Home Page of Fall 2024 EE685

This is the home page for EE685. There is only one section, meeting TR 3:30-4:45PM in room 267 FPAT.

Although many course materials will be posted here, the course Canvas site will be the primary place for course announcements. You are expected to use Canvas and materials linked here. The best way to schedule office meetings, physical or virtual, is via email with "EE685" in the Subject line.

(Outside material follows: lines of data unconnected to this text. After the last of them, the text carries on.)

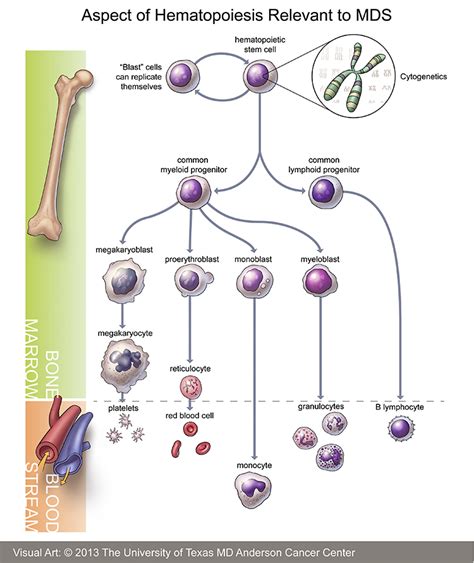 myelodysplastic syndrome - TheFreeDictionary.com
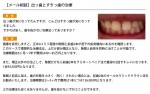 （写真）出っ歯とすきっ歯の治療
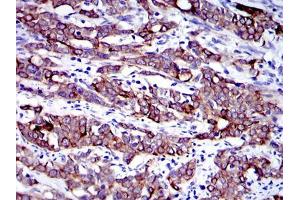 Immunohistochemical analysis of paraffin-embedded human cervical cancer tissues using KRT19 mouse mAb with DAB staining. (Cytokeratin 19 antibody)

The precise course content of EE685 has varied quite a bit over the years. However, in general, it has tried to be a step beyond the material covered in the CPE380-CPE480 sequence, and so it will be this semester. What that means is a little different from past offerings because CPE380 and CPE480 have both seen major upgrades and internal restructurings over the past two years. In particular, CPE380 is now fairly Verilog intensive and students who took CPE380 in previous years, or who took a similar course elsewhere, might not have that Verilog exposure. Thus, some of the material in this EE685 overlaps the latest (Fall 2024) CPE380 coverage to ensure that students are comfortable with Verilog and the basic CPE380 concepts. Even in the review-like portions this course introduces some more advanced concepts, and it quickly moves to broader and deeper material.

The following list of reference materials below will grow dramatically as the course progresses. All links below the horizontal rule have yet to be updated for Fall 2024 and are likely to change significantly.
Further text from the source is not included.